The photo was taken by a hiker who located the dog, but was unable to get her off the mountain by himself.
Almost immediately, hikers and climbers started to organize a plan to go up and rescue the dog.
At 5:30 in the morning on August 6th eight men met at the trailhead and began the climb up Mt. Bierstadt.
"Just the thought of a dog being left up there, I mean I figured it is worth a chance to try to go find it," said Chase Lindell, one of the rescuers.
Around 8 a.m. the rescue group reached the Sawtooth ridge and spotted the dog.
"The dog seemed really weak and it couldn't move much at all," Lindell said. "And given the terrain there was no way the dog was walking out of there. So, we were able to get the dog into a backpack."
The group started giving Missy some food and water.
"A very sweet dog, I mean you could tell she was worn out, but she was happy," said Alex Gelb, one of the rescuers.
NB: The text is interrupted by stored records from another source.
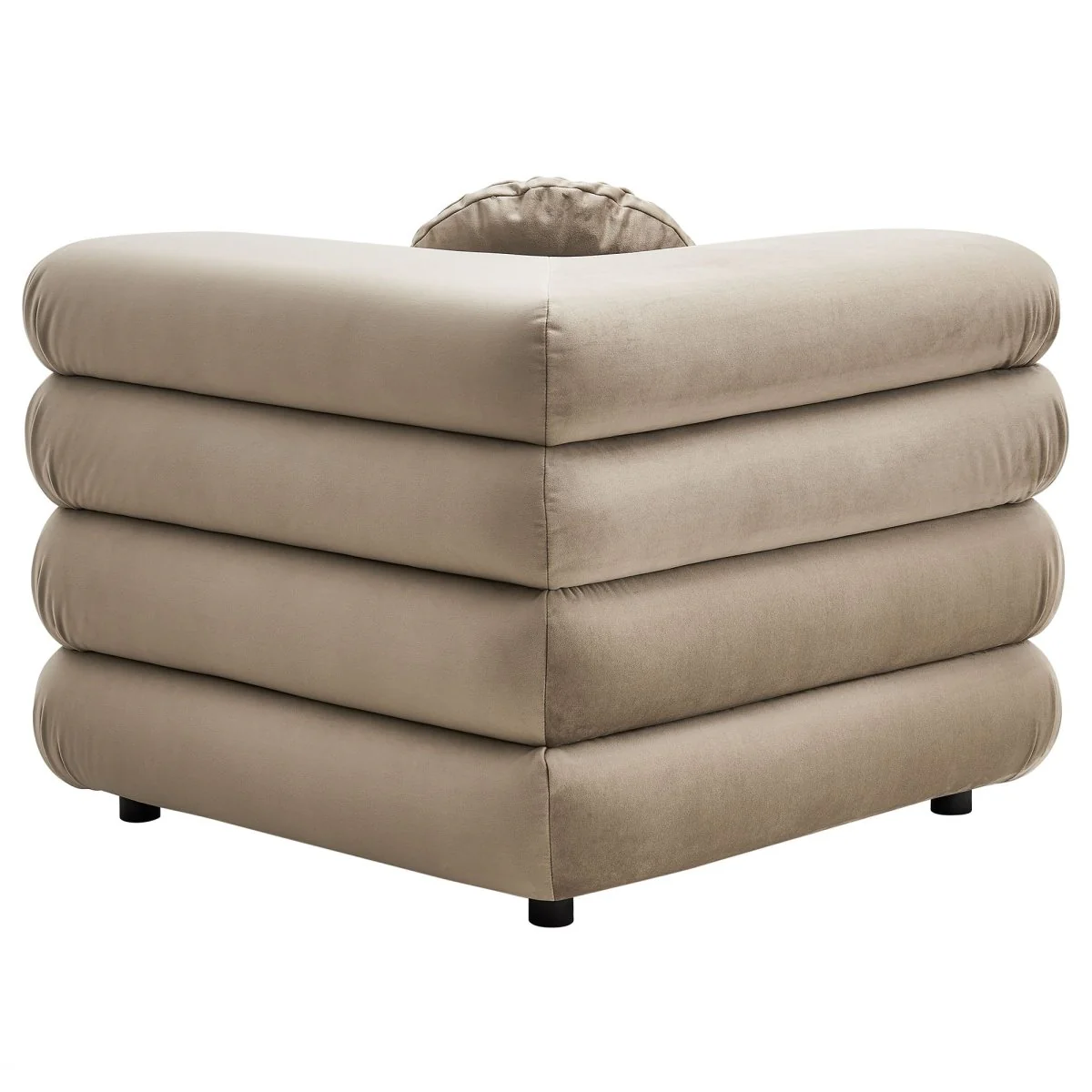 38 Inch Jubilee Performance Velvet Modular Corner Chair - Image 17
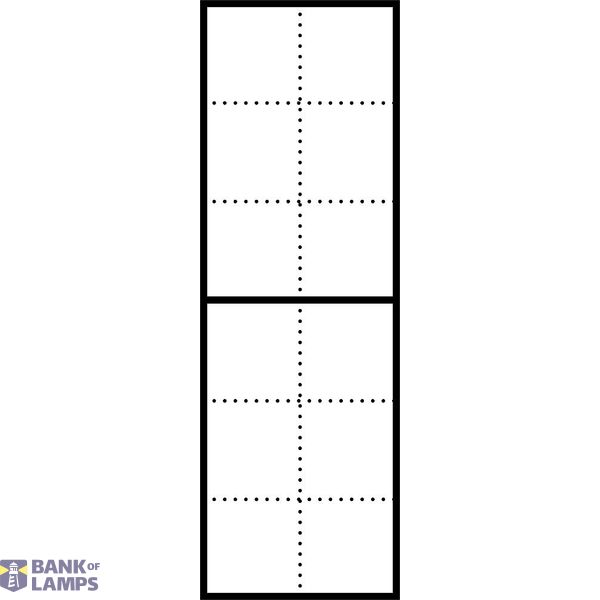 KR 611-6/2-0 W Combiframes image 1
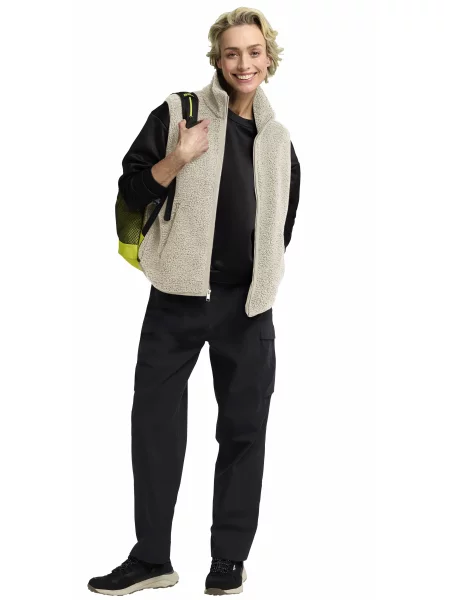 Утеплений жилет Jack Wolfskin High бежевий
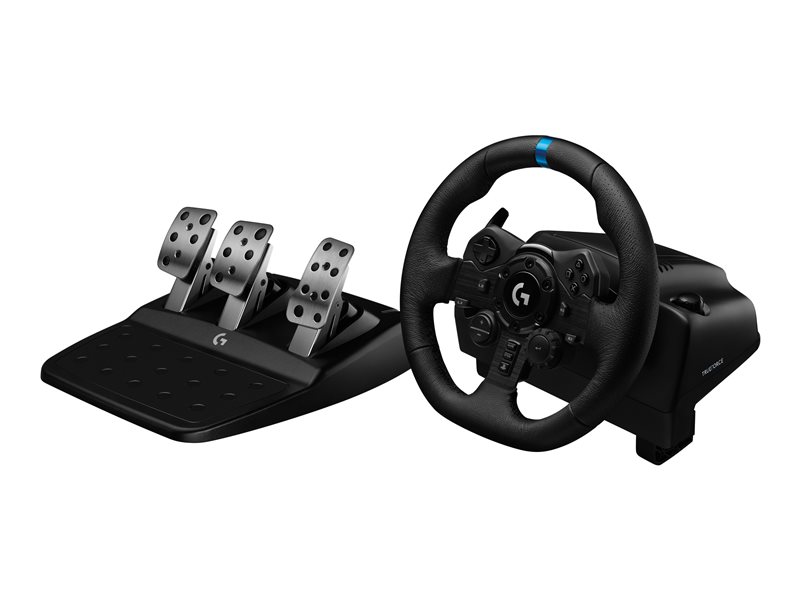 LOGI G923 Racing Wheel and Pedals PS4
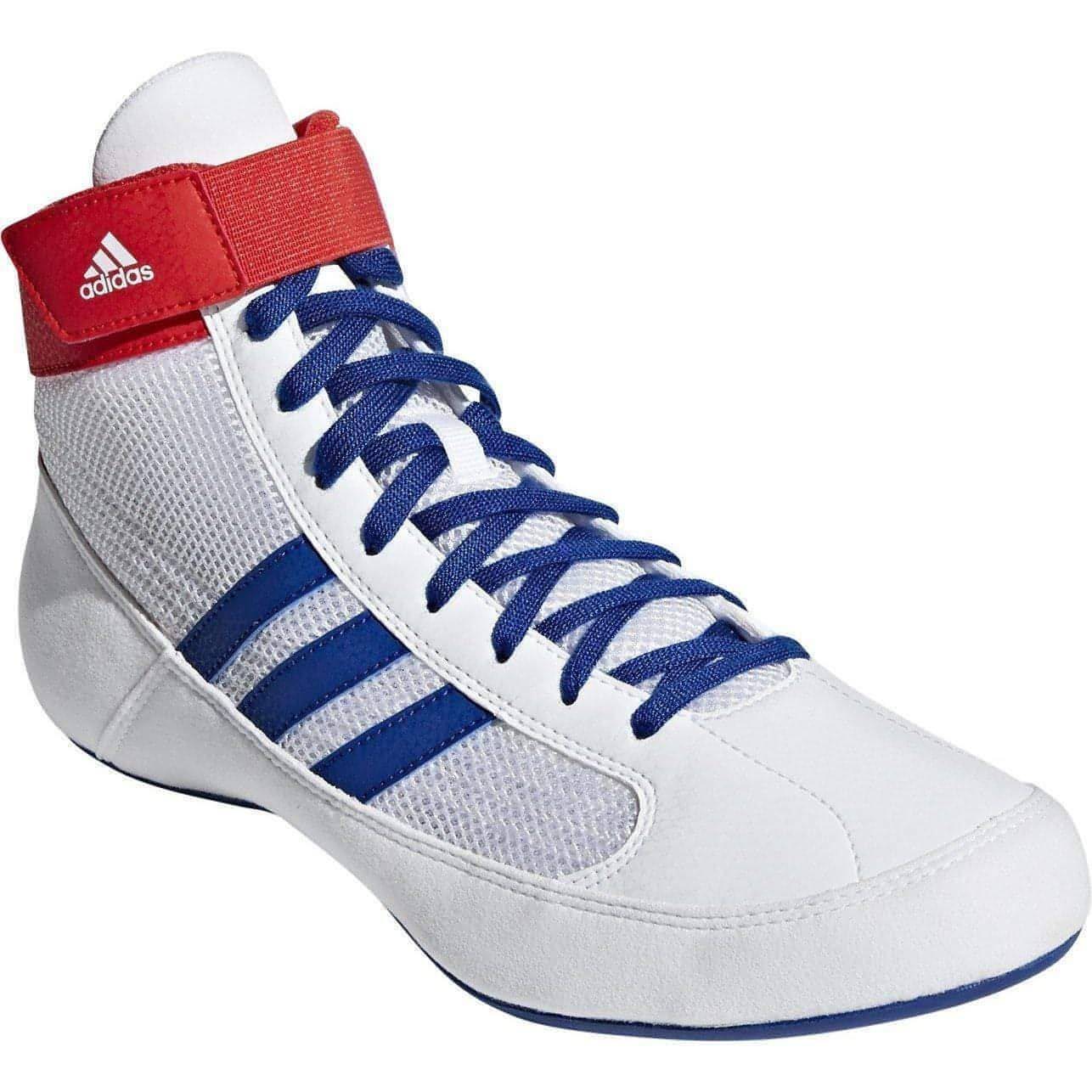 adidas Havoc Mens Wrestling Shoes - White - Start Fitness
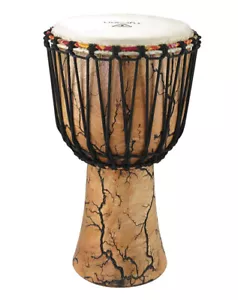 10 inch. Supremo Select Willow Series Rope-Tuned Djembe - Picture 1 of 1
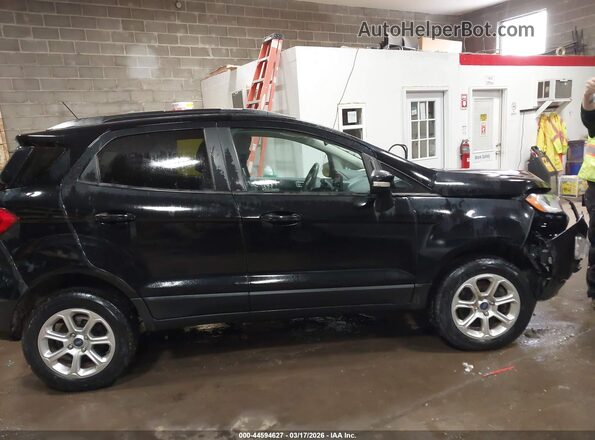 MAJ6S3GL3KC263385 2019 FORD ECOSPORT Черный Вид задней части салона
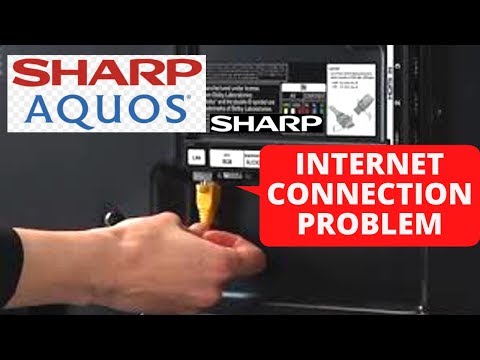 How to Fix Wi-Fi connectivity issues on your Sharp AQUOS || SHARP TV not Connecting to WiFi Network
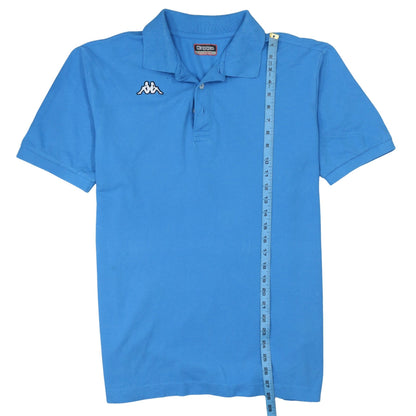 Kappa Men's Blue XL Cotton Polo Shirt Casual Lightweight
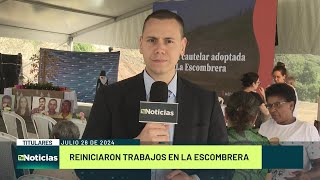 Titulares de Teleantioquia Noticias  viernes 26 de julio de 2024 [upl. by Einre]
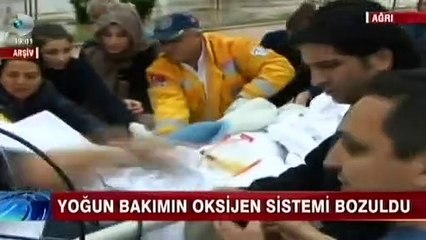 Ağrı Devlet Hastanesi'nde sağlık skandalı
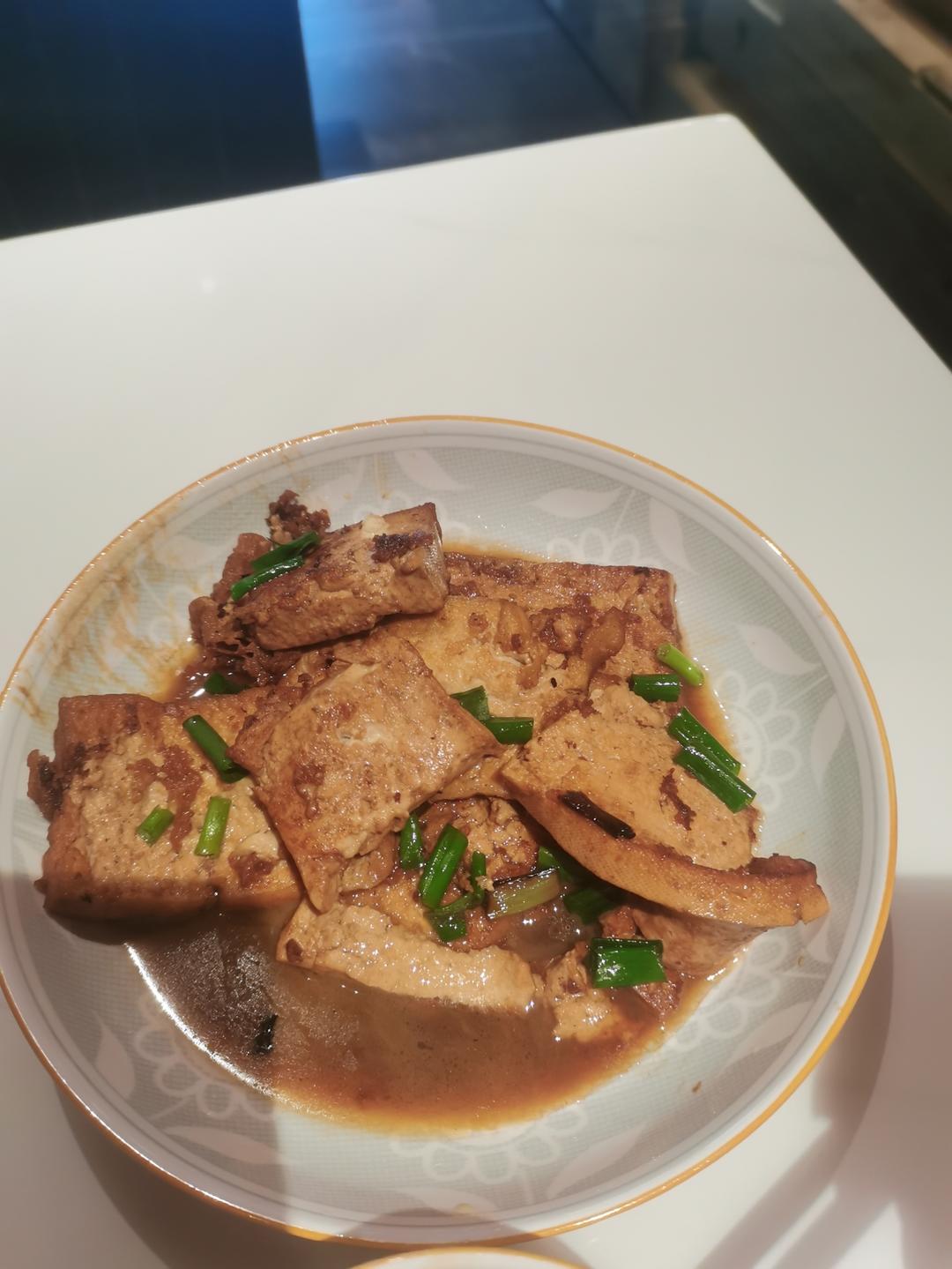 香煎豆腐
They carried Missy off the mountain through a snow squall and got her to a veterinarian, where she is being treated for injuries to her paws and dehydration.
The story of the rescue quickly spread on the 14ers.com website.
The owner of the dog, Anthony Ortalani, also posted the story of how the dog became stranded.
Ortalani says he was hiking with the dog when her paws became blistered and were too sore for her to continue walking.
With the dog unable to walk, Ortalani says he tried to carry the dog off the mountain, but was unable.
He says that attempts to lower the dog with ropes were injuring the dog even more, and with a storm approaching he was forced to leave the dog behind.
Once down the mountain Ortalani says he contacted a search and rescue group and the Sheriff's department, but was told it was too risky to send a rescue crew up for the dog.
When Missy was eventually located, she had been on the mountain for eight days without food or water.
In his posting on 14ers.com the dog owner said, "I am at a complete loss of words. My gratitude for the people involved in this is without measure."
He went on to say, "I humbly beg the forgiveness of the community and most of all my Missy Girl. Thank you all from the bottom of my heart."
At issue now is where Missy will live once she recovers from her injured paws.
The Clear Creek County Sheriff's department is currently investigating the case and it may not be a simple one.
"This does not sound like a black and white case to me," said Jennifer Edwards, an attorney and founder of the Animal Law Center. "Certainly with the facts that I've read, this is going to be a very emotional and maybe even litigious case."
Edwards says the dog owner's efforts to rescue the dog during that eight day time period will be a factor.
"This may be an animal welfare case, more than it is an animal legal case or property case. This is a case about an animal's welfare and it may come down to what are the best interests of what the dogs standard would be," Edwards said.